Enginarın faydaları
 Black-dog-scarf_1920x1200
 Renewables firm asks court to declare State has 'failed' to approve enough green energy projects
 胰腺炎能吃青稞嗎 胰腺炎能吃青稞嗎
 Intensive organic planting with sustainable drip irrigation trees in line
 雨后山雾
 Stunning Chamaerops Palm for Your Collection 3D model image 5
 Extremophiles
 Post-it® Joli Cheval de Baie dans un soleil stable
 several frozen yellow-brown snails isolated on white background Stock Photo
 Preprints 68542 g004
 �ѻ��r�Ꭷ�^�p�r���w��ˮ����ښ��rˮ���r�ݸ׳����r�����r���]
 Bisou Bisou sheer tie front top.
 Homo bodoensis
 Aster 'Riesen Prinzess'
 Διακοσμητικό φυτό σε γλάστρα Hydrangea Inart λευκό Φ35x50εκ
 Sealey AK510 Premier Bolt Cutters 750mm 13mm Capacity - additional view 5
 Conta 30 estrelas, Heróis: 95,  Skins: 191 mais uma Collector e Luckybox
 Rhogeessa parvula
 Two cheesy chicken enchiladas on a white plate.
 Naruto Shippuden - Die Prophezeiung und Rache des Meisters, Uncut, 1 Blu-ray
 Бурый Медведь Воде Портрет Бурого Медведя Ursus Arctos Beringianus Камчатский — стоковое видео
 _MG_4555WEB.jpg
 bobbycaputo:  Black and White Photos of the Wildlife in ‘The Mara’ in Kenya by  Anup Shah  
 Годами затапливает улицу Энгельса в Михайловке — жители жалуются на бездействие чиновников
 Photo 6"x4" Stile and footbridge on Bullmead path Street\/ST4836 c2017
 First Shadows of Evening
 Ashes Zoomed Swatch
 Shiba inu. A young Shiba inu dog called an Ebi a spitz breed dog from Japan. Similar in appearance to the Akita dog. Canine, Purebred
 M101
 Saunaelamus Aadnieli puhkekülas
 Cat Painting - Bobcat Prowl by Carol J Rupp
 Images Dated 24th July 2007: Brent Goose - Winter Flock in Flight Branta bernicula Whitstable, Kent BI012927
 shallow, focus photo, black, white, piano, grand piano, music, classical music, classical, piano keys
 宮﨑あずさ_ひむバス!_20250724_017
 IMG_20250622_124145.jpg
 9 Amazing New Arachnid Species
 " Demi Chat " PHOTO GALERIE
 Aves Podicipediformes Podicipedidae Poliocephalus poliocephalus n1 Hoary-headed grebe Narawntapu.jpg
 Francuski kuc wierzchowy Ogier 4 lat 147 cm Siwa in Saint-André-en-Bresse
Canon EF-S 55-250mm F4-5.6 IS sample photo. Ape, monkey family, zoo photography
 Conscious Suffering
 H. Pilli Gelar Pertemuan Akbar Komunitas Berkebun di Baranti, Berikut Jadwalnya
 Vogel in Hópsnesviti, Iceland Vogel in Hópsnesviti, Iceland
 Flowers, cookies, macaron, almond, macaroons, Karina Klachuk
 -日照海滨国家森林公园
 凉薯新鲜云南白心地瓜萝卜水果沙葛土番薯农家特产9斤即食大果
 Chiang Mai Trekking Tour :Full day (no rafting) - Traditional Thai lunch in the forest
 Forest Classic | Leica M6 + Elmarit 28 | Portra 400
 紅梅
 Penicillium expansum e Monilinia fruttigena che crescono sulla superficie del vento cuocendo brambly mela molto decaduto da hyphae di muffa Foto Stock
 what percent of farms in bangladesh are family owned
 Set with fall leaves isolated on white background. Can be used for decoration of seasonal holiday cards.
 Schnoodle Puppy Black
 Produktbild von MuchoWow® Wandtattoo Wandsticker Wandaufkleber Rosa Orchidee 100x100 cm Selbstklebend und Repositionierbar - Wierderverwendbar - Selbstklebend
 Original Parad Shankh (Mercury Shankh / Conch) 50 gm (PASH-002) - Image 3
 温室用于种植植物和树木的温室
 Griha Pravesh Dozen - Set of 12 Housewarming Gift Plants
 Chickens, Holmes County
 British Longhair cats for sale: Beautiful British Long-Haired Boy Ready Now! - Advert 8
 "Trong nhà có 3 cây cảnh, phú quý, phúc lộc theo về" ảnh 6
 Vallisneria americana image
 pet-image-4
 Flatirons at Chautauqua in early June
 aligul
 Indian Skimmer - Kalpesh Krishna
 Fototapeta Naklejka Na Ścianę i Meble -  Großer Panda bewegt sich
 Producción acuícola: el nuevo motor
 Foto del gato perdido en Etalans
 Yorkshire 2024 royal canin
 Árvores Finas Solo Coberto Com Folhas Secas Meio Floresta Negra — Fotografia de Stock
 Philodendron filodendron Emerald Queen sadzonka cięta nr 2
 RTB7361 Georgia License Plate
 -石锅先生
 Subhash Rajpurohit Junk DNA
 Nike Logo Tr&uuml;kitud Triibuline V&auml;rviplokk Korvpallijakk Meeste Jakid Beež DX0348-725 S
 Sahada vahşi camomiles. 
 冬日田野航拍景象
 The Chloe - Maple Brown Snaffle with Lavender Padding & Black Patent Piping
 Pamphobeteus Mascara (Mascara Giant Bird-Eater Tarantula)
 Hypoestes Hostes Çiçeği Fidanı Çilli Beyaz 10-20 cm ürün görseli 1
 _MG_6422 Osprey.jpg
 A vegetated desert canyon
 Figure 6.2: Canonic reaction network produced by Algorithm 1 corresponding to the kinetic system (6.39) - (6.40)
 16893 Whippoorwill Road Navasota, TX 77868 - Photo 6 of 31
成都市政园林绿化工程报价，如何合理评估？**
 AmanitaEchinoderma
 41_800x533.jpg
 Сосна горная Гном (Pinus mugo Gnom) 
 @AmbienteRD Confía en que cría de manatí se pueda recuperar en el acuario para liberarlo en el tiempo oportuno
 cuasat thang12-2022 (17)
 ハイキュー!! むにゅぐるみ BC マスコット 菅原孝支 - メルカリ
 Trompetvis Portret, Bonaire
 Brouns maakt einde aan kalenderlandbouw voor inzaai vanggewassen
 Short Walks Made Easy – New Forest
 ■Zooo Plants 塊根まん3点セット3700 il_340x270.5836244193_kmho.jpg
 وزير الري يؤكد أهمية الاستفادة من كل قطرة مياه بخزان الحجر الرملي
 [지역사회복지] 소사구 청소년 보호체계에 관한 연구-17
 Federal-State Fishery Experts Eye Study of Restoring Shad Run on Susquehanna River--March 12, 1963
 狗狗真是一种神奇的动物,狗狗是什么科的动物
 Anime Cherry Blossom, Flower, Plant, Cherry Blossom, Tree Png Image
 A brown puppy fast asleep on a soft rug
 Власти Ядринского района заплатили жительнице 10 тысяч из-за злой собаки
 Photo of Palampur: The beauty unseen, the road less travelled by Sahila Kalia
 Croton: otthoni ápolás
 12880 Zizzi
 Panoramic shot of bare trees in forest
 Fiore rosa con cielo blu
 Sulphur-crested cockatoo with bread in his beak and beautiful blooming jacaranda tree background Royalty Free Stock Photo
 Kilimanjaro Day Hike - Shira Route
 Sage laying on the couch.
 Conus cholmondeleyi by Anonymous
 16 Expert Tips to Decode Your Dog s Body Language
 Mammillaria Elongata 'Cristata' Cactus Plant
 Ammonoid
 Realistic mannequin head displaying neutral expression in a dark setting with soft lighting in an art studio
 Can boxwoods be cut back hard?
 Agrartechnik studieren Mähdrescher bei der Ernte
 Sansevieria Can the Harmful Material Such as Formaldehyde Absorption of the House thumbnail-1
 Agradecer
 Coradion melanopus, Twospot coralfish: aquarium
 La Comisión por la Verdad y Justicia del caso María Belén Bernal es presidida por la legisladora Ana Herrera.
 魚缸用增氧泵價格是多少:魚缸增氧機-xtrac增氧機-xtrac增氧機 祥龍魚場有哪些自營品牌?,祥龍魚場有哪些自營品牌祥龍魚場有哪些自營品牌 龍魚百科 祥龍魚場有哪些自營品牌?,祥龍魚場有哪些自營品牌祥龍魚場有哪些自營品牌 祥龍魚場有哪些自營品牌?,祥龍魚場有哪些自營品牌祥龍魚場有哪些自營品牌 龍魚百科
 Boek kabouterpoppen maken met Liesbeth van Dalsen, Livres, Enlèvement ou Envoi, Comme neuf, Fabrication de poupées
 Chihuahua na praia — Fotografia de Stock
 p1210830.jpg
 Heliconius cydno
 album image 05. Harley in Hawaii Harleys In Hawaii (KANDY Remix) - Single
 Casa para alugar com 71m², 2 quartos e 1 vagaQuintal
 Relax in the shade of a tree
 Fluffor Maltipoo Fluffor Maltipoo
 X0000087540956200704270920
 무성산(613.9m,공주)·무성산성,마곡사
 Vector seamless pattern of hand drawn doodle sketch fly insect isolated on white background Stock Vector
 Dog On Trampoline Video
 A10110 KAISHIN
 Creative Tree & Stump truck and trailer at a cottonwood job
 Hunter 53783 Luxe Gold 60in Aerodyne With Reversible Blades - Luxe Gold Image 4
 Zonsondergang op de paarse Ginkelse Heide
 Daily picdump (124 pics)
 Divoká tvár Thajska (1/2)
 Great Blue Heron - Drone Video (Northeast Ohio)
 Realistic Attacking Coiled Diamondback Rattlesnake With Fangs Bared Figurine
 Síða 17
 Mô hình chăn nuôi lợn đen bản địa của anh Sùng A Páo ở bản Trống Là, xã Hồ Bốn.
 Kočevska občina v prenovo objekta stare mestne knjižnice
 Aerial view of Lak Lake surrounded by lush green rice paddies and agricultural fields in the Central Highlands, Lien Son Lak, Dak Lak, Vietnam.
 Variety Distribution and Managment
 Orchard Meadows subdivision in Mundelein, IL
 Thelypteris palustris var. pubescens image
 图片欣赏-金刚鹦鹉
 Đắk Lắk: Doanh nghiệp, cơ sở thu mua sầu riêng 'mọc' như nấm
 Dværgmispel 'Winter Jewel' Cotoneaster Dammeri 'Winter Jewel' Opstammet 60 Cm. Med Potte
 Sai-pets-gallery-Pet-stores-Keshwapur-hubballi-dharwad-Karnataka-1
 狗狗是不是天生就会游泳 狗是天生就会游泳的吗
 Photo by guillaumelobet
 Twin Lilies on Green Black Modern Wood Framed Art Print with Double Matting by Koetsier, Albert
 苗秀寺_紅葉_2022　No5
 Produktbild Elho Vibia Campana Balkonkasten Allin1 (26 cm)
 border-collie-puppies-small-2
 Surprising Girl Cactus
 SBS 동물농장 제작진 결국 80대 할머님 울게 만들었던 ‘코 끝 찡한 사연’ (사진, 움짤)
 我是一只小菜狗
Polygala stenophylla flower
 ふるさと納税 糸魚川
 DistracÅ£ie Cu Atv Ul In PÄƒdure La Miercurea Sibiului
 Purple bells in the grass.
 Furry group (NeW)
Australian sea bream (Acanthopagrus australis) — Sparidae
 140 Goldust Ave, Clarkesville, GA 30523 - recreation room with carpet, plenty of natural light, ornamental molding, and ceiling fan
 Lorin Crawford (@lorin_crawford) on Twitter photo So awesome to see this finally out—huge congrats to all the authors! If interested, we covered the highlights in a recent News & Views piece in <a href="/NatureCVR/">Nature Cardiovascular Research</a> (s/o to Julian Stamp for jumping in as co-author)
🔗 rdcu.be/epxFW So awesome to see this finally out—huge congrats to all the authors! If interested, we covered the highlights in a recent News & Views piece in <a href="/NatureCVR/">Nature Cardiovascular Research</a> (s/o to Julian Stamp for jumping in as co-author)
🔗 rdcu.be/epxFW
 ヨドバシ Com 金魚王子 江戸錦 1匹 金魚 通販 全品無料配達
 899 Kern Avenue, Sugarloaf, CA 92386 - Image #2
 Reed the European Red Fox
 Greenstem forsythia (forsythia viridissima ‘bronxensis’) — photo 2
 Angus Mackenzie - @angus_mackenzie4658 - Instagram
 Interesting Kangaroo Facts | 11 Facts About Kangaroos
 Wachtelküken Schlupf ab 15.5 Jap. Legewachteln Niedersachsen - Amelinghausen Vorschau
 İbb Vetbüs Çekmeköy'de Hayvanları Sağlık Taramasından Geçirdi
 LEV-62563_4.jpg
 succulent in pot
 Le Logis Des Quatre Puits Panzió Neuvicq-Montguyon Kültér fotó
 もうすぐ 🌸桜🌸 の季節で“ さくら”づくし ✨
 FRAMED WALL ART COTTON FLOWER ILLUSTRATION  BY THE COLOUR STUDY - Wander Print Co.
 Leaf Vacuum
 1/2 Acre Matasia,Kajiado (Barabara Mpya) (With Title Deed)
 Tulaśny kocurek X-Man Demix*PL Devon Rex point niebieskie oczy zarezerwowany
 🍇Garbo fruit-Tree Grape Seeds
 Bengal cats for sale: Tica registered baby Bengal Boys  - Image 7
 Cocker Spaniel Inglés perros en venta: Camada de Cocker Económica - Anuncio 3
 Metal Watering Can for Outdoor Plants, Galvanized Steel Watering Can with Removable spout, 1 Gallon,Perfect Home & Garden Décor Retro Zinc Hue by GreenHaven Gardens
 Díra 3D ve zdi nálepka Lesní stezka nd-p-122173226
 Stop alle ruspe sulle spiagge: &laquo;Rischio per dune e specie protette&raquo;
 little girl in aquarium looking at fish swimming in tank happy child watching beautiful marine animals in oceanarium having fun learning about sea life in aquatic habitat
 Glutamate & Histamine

____________________

• The problem: Look above for the line containing "Aerial view of" and the line containing "Dværgmispel 'Winter Jewel'". Transcribe both, with the lines between them, exactly.

• Reply to the exercise:
 Aerial view of Lak Lake surrounded by lush green rice paddies and agricultural fields in the Central Highlands, Lien Son Lak, Dak Lak, Vietnam.
 Variety Distribution and Managment
 Orchard Meadows subdivision in Mundelein, IL
 Thelypteris palustris var. pubescens image
 图片欣赏-金刚鹦鹉
 Đắk Lắk: Doanh nghiệp, cơ sở thu mua sầu riêng 'mọc' như nấm
 Dværgmispel 'Winter Jewel' Cotoneaster Dammeri 'Winter Jewel' Opstammet 60 Cm. Med Potte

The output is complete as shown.